The setting is a fourth-floor walkup just off Main Street’s hipster strip, and outside sirens are blaring; there are no resonant gongs here, no chiming bonangs or mellow slenthems. Yet the feeling inside is convivial, as three gamelan-trained musicians share clove-spiked cigarettes and talk of their plans to bring the ancient gods of Java to the Roundhouse Community Arts & Recreation Centre on Wednesday and Thursday (July 9 and 10).
Gamelan Madu Sari’s founder Mark Parlett and artistic director Sutrisno Hartana are animated and helpful, trying their best to explain Java’s complex society to this interviewer. But the undisputed centre of attention is visiting artist Ki Seno Nugroho, whose calm charisma has made him one of the top entertainers in central Java.
Nugroho is a dalang, which combines the roles of master puppeteer, playwright, bandleader, standup comedian, and moral exemplar. And his art form, wayang kulit, remains immensely popular in his homeland, despite such 21st-century distractions as video games and wide-screen TVs. Often described as shadow plays, wayang performances place fables from the Ramayana and other mystical sources in a contemporary context; voicing a dozen or more characters, the dalang also manipulates giant shadows on a screen, using intricate paper or leather puppets that range from scary demons to majestic kings.
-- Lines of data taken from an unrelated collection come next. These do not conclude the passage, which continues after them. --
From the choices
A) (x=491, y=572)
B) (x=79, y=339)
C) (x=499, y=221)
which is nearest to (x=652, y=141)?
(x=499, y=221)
Hartana joins Parlett in translating, and his description of Nugroho makes the 36-year-old performer sound like a cross between Laurie Anderson and the Grateful Dead. He’s a state-of-the-art master of multimedia storytelling, but his appearances also generate a lively parking-lot scene catering to the fans and vendors who follow him around—sometimes to more than 100 shows a year.
“He’s not glorifying his popularity, but he has the best audience right now in central Java,” Hartana explains. “Fifty-five percent of the people would like to know the story and would like to learn something related to Javanese tradition, and another 10 percent would like to take advantage of his audience by providing food or parking spots.”
He adds that Nugroho owes much of his appeal to his quick wit. “I have performed with him many times—a thousand times, maybe,” he says. “And I can always laugh my loudest laugh when I perform with him.”
But there’s a serious side to Nugroho’s popularity, too. A dalang is not unlike a kind of secular priest: there are certain rituals to observe, and certain penances to make. Nugroho, for instance, abstains from eating rice—the staple food of Indonesia’s 222 million–plus inhabitants. There’s also his heritage to consider: he comes from a long line of dalangs, and his father was blacklisted in the 1970s for performing wayangs critical of President Suharto’s dictatorial regime.
Nugroho is a less explicitly political artist, but should he wish to comment on our culture, he’ll have ample opportunity. His show with Gamelan Madu Sari, Semar in Lila Maya, tracks the god Semar as he explores the Pacific Northwest, a zone of “ready illusion” that the divine comic finds equally promising and problematic.
Will Semar, often seen as the saviour of humanity, lead us to enlightenment, or will he simply cast thunderbolts from on high? Nugroho, Hartana, and Parlett aren’t saying, but in Javanese tradition this god’s on our side.